Context
We founded a market-making firm, which meant everything had to be built from the ground up: the engine, the trading algorithms and the infrastructure around them. As co-founder and CTO I designed and wrote the whole system, and it now runs across more than thirty clients in production.
The platform is large. The diagram below shows the whole system and the people who operate it; this case study zooms in on the observability stack, the metrics database and Grafana highlighted below. The core engine and the AI copilot have their own case studies.
The problem
A market-making desk runs 24/7 with capital permanently at risk across many venues and clients. Without real-time visibility, the team is flying blind.
- You cannot tell, at a glance, whether a strategy is healthy: is the spread on target, is the inventory balanced, are quotes fresh?
- Problems are expensive and time-sensitive: a stale feed, a spread drifting out of band or a service going quiet can cost money within minutes.
- The same questions repeat across more than thirty clients, each on different venues, symbols and accounts.
- Raw logs scattered across services are useless for spotting any of this in time.
Objectives
- Real-time visibility into every client, venue, symbol and account.
- Track the metrics that actually matter for market making: spread, order-book depth, inventory, open orders and own liquidity, fills and PnL.

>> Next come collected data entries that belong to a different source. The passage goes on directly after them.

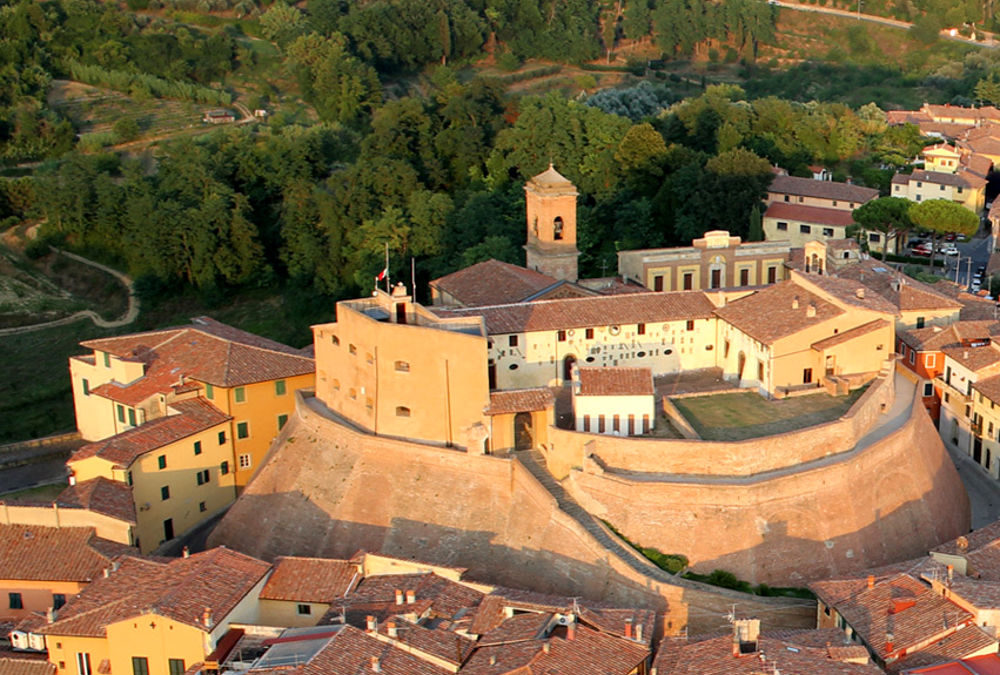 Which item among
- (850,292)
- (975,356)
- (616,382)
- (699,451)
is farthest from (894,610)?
(975,356)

- Detect anomalies and page the team before they turn into losses.
- One coherent pipeline, from the services to storage to dashboards and alerts.
My approach
Every Fortuna service emits structured metrics; a pipeline ships them into a time-series database; Grafana sits on top for dashboards and alerting. The result is a single source of truth the whole desk watches.
The technical solution
The dashboards are built as a single, fully templated Grafana board rather than one per client. Variables for client, exchange, symbol, account, tag, reference currency, asset and interval mean the same board covers every one of the thirty-plus mandates: pick a client and a venue, and every panel reflects it. It is organised into sections, each answering a market-making question:
- General: ticker, daily volume, PnL and last spread at a glance, with a candlestick chart.

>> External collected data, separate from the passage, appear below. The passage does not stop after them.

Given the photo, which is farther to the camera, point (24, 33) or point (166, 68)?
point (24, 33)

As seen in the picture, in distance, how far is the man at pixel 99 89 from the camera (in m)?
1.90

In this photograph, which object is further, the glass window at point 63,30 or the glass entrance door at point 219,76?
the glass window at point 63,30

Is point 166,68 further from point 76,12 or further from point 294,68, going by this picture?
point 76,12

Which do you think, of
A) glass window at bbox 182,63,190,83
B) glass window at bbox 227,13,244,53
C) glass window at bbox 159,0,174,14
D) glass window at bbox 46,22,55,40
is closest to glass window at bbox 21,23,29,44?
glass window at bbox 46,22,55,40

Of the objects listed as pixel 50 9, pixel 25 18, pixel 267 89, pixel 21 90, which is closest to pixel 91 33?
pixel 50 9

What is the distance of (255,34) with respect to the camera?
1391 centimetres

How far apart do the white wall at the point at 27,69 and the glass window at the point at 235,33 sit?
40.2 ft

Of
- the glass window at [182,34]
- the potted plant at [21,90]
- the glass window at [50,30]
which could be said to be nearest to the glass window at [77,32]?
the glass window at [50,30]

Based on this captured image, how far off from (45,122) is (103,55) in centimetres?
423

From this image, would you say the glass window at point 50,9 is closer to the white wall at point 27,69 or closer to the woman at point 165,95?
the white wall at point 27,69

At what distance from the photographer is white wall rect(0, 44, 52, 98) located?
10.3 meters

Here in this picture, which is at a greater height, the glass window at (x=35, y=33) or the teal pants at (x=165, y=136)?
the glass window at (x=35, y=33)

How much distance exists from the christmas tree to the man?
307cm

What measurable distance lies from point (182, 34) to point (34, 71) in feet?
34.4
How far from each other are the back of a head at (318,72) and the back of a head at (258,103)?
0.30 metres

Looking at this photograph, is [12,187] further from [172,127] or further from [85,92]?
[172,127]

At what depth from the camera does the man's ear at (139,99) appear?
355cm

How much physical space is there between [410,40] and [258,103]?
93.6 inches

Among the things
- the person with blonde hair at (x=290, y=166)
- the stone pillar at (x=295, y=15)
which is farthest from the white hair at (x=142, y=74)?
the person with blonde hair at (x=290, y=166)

- Inventory: balances and how each asset is being used, over time.
- Depths: our own order-book depth from 0.5% to 20% off mid, current and average, split by bid and ask side.

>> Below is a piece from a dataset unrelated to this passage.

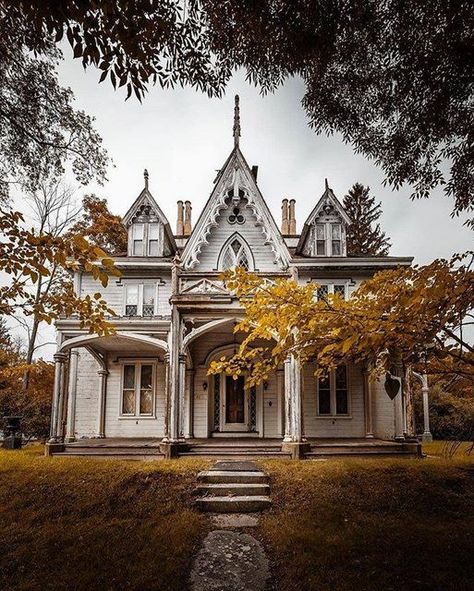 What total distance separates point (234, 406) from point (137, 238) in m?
7.62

- Orders: open orders and their freshness, our buy and sell liquidity, and the live ladder we are posting.
- Spread: spread over time against target, plus best bid, best ask and mid price.
- Trades: buys versus sells, realized PnL and filled volume.
Alerting
Dashboards are for watching; alerts are for not having to. Alerts watch the signals that cost money if they drift, and page the desk in Slack and on-call, day or night:
- Data freshness: how old the last update is, so a stale feed or a stuck service is caught immediately.
- Spread out of band: the quoted spread leaving its target range.
- Inventory drift: balances moving away from where they should be.
- Silence: a service that stops reporting at all.
Results
- One templated dashboard gives real-time visibility across all thirty-plus clients and their venues.
- The desk sees spread, depth, inventory, orders and PnL at a glance, per client and per venue.
- Problems that used to be invisible (stale feeds, drifting spread, silent services) now page the team within seconds.
- The same metrics database feeds the AI copilot, so questions and reports draw on the same source of truth.
Key takeaways
For a 24/7 desk, observability is not a nice-to-have, it is part of the risk system. Sending structured metrics into a time-series database and driving both dashboards and alerts from it turned a fleet of services into something the team can actually watch and trust, and gave every other tool, including the AI copilot, a single source of truth to build on.